Friday, 23 April 2021

On the fallacy of replacing physical laws with machine-learned inference systems

Preamble

Progress in machine learning, specifically so-called deep learning, last decade was astonishingly successful in many areas from computer vision to natural language translation reaching automation close to human-level performance in narrow areas, so-called narrow artificial intelligence. At the same time, the scientific and academic communities also joined in applying deep learning in physics and in general physical sciences. If this is used as an assistance to known techniques, it is really good progress, such as drug discovery, accelerating molecular simulations or astrophysical discoveries to understand the universe. However, unfortunately, it is now almost standard claim that one supposedly could replace physical laws with deep learning models: we criticise these claims in general without naming any of our colleagues or works. 

Circular reasoning: Usage of data produced by known physics 

Blind monks examining an elephant
(Wikipedia)

The primary fallacy on papers claiming to be able to produce a learning system that can actually produce physical laws or replace physics with a deep learning system lies in how these systems are trained. Regardless of how good they are in predictions, their primary ability is the product of already known laws.
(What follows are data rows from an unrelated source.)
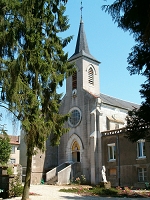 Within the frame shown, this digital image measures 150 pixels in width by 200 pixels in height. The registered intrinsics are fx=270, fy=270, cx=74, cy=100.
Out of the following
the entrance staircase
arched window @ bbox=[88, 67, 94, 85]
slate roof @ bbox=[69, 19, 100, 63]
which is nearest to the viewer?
the entrance staircase

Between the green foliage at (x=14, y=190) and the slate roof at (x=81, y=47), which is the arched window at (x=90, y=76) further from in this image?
the green foliage at (x=14, y=190)

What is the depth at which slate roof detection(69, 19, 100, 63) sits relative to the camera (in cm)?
3759

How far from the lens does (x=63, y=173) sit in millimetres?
31453

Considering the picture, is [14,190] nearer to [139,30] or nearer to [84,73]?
[139,30]

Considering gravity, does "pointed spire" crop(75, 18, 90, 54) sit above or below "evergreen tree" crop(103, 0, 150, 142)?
above

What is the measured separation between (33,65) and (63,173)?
2097 centimetres

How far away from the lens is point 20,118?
12453 mm

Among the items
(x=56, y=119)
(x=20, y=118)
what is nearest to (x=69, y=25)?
(x=56, y=119)

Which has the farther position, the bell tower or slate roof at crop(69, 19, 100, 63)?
slate roof at crop(69, 19, 100, 63)

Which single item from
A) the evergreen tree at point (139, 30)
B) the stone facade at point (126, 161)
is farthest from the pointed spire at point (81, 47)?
the evergreen tree at point (139, 30)

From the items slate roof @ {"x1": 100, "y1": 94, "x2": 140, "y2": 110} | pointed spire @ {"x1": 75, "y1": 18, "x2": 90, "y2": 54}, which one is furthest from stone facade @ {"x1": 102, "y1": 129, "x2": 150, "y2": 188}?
pointed spire @ {"x1": 75, "y1": 18, "x2": 90, "y2": 54}

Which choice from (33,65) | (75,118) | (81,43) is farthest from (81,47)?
(33,65)

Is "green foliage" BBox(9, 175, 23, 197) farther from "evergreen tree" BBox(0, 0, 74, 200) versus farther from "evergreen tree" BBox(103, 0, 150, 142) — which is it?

They would only replicate the laws provided within datasets that are generated by physical laws.  

Faulty generalisation: Computational acceleration in narrow application to replacing laws

One of the major faults in concluding that a machine-learned inference system doing better than the physical law is the faulty generalisation of computational acceleration in narrow application areas. This computational acceleration can not be generalised to all parameter space while systems are usually trained in certain restricted parameter space that physical laws generated data, for example solving N-body problems, or dynamics in any scale from action or Lagrangian and generating fundamental particle physics Lagrangians.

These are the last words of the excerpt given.